ACTIVITY: Below are the entries; give again exactly the lines from the one mentioning "G80 G82 G8X" through the one mentioning "Навушники дротові, XO", inclusive.
+++
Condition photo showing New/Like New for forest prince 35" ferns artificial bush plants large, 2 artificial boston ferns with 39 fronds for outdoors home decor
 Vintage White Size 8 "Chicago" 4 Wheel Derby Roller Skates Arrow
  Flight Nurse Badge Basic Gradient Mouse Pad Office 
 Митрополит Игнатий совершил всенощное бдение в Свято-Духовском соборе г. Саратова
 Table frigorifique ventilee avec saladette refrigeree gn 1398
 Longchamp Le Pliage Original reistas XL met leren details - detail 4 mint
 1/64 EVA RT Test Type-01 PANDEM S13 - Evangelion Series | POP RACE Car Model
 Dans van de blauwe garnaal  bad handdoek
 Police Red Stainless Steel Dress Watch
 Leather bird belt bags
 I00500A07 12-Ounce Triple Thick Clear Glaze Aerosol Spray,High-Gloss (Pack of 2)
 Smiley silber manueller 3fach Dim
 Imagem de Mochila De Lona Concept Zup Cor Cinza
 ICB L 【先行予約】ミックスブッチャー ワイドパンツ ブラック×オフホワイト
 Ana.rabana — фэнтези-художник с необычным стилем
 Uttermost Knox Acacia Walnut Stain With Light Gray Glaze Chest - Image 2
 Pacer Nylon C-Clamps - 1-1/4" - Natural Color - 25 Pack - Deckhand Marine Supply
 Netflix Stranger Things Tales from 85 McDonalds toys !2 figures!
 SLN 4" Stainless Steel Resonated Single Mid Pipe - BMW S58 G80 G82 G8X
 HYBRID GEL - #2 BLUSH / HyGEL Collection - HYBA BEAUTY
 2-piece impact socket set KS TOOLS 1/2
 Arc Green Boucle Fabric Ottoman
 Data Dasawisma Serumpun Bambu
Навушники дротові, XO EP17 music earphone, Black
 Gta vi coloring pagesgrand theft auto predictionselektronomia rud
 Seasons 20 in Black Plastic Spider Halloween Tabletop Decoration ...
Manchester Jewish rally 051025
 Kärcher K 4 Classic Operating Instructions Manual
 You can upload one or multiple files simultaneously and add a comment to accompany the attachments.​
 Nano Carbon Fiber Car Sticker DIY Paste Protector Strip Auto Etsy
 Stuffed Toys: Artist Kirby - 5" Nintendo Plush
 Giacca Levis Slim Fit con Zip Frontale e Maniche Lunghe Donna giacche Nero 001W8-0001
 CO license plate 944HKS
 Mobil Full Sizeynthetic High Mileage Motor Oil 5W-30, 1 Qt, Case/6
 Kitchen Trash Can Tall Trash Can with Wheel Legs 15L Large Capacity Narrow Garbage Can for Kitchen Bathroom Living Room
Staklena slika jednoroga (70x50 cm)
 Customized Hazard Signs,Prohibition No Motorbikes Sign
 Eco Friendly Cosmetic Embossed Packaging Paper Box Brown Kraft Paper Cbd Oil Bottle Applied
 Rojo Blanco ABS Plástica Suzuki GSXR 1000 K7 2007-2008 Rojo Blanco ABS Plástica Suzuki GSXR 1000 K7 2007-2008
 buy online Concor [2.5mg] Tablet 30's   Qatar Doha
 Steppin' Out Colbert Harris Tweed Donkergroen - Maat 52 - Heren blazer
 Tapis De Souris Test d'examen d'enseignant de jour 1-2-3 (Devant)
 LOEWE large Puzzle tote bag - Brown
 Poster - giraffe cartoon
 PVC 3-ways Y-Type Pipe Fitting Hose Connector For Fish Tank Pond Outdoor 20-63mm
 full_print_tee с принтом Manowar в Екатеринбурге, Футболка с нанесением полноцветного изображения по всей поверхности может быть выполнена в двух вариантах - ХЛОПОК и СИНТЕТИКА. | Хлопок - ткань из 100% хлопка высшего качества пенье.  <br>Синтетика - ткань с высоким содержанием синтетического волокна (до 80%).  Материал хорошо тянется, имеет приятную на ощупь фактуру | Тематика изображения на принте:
+++
EXPECTED ANSWER:
 SLN 4" Stainless Steel Resonated Single Mid Pipe - BMW S58 G80 G82 G8X
 HYBRID GEL - #2 BLUSH / HyGEL Collection - HYBA BEAUTY
 2-piece impact socket set KS TOOLS 1/2
 Arc Green Boucle Fabric Ottoman
 Data Dasawisma Serumpun Bambu
Навушники дротові, XO EP17 music earphone, Black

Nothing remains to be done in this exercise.